Suppose $\mathbb{R}$ is countable. Then we can enumerate its elements as follows:
$$\mathbb{R} = \{ x_1, x_2, x_3, \cdots \}$$
(If $f : \mathbb{R} \to \mathbb{N}$ is a bijection then we can take $x_i = f^{-1}(i)$.)

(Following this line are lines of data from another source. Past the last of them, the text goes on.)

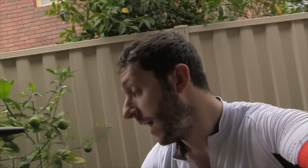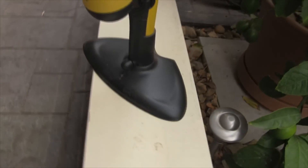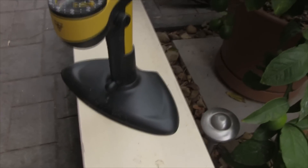Hey guys, how you going? It's been a while between the last video, but during the week someone asked me what I thought of my pump. They saw it in the background in one of my videos, so this is the one I have here. It's the Joe Blow Sport. That's it there. So they asked me what I thought of it, so I'll just do a quick review on it.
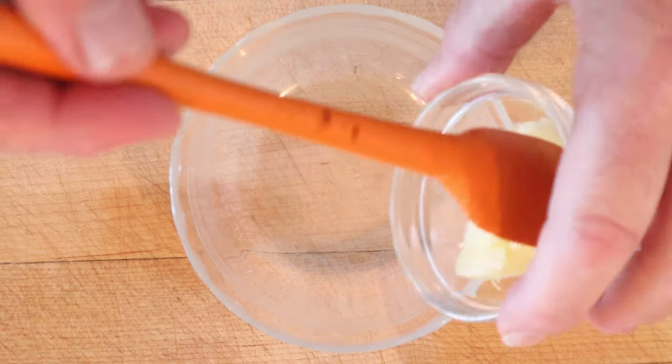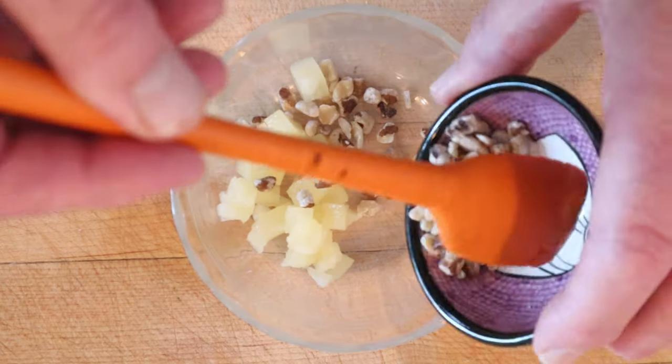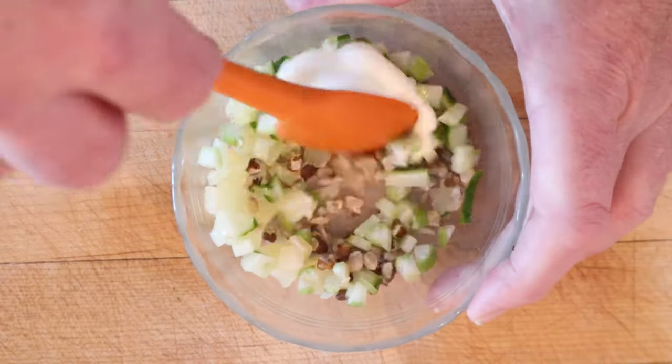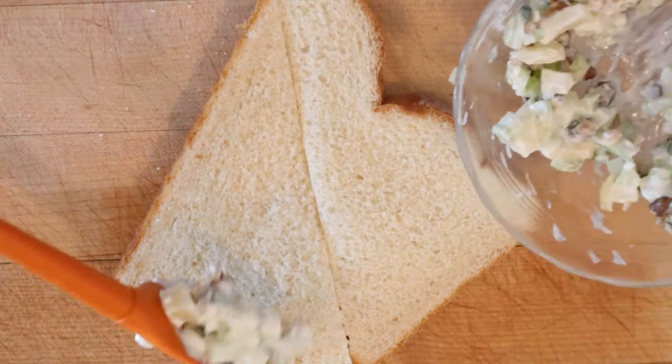We start off with the 'Fru' of the Fru New Veg: pineapple. Now the 'new veg' part: black walnuts, celery, cucumber, and mayonnaise to moisten. And we put that on to white bread.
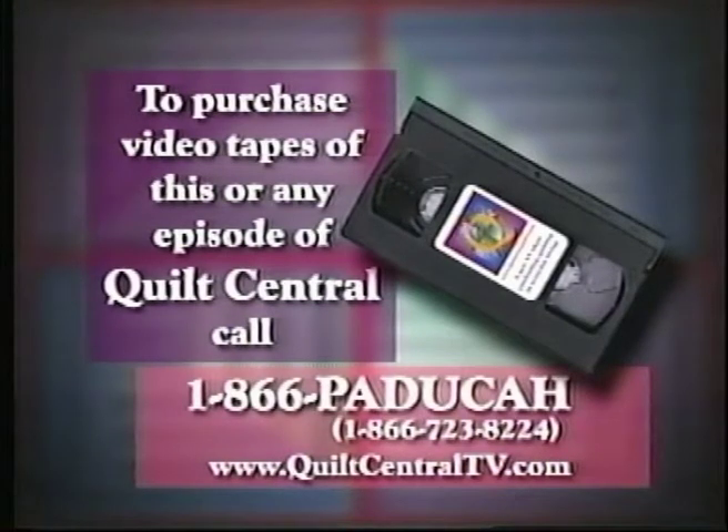Celebrate quilting in your everyday living. To purchase videotapes of this or any episode of Quilt Central, you may call 1-866-PADUCAH.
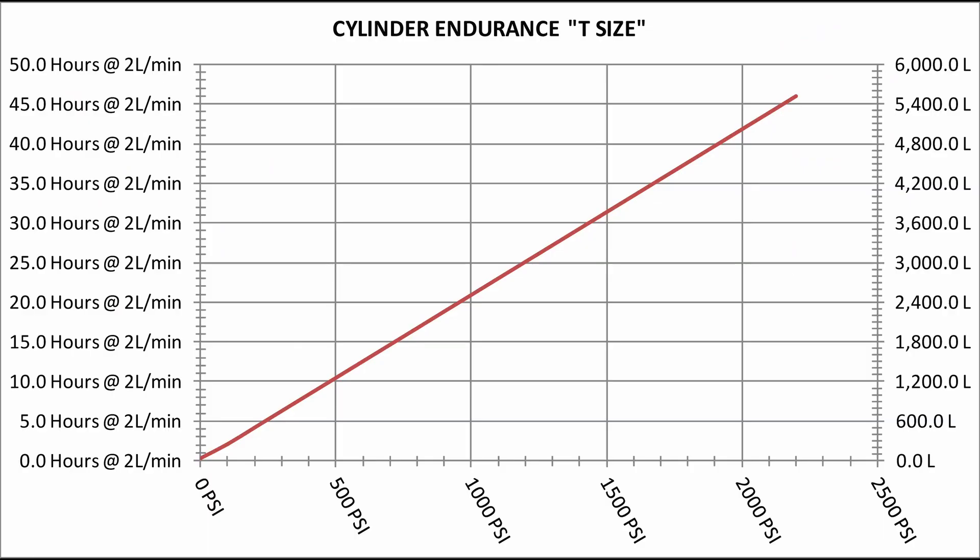Another thing to think about is how much oxygen you have on hand and how long it will last. My welding cylinder is a T size, and as far as I can figure, it will hold about 5,000 liters when filled to 2,000 PSI. This should yield about 40 hours of oxygen if the rate of flow is 2 liters per minute. 40 hours sounds like a lot, but if you use it 24 hours a day, it's just less than 2 days, making cost a consideration.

Each $x_i$ has a unique decimal expansion in which infinite strings of $0$s are taken if there is any ambiguity. So write
$$\begin{align}x_1 &= n_1 + 0.d_{11}d_{12}d_{13} \cdots \\ x_2 &= n_2 + 0.d_{21}d_{22}d_{23} \cdots \\ x_3 &= n_3 + 0.d_{31}d_{32}d_{33} \cdots \\ &\ \vdots\end{align}$$
where $n_i \in \mathbb{Z}$ for each $i$ and $d_{ij} \in \{ 0, 1, \cdots, 9 \}$.
Construct $x \in \mathbb{R}$ as follows. Let
$$x = 0.d_1d_2d_3\cdots$$
where $d_i = 0$ if $d_{ii} \ne 0$ and $d_i = 1$ if $d_{ii}=0$. Then in particular $d_i \ne d_{ii}$ for any $i$. Since $x \in \mathbb{R}$ and $\mathbb{R}$ is supposed to be countable, we must have $x=x_i$ for some $i$, but that would mean that $d_i = d_{ii}$... contradiction!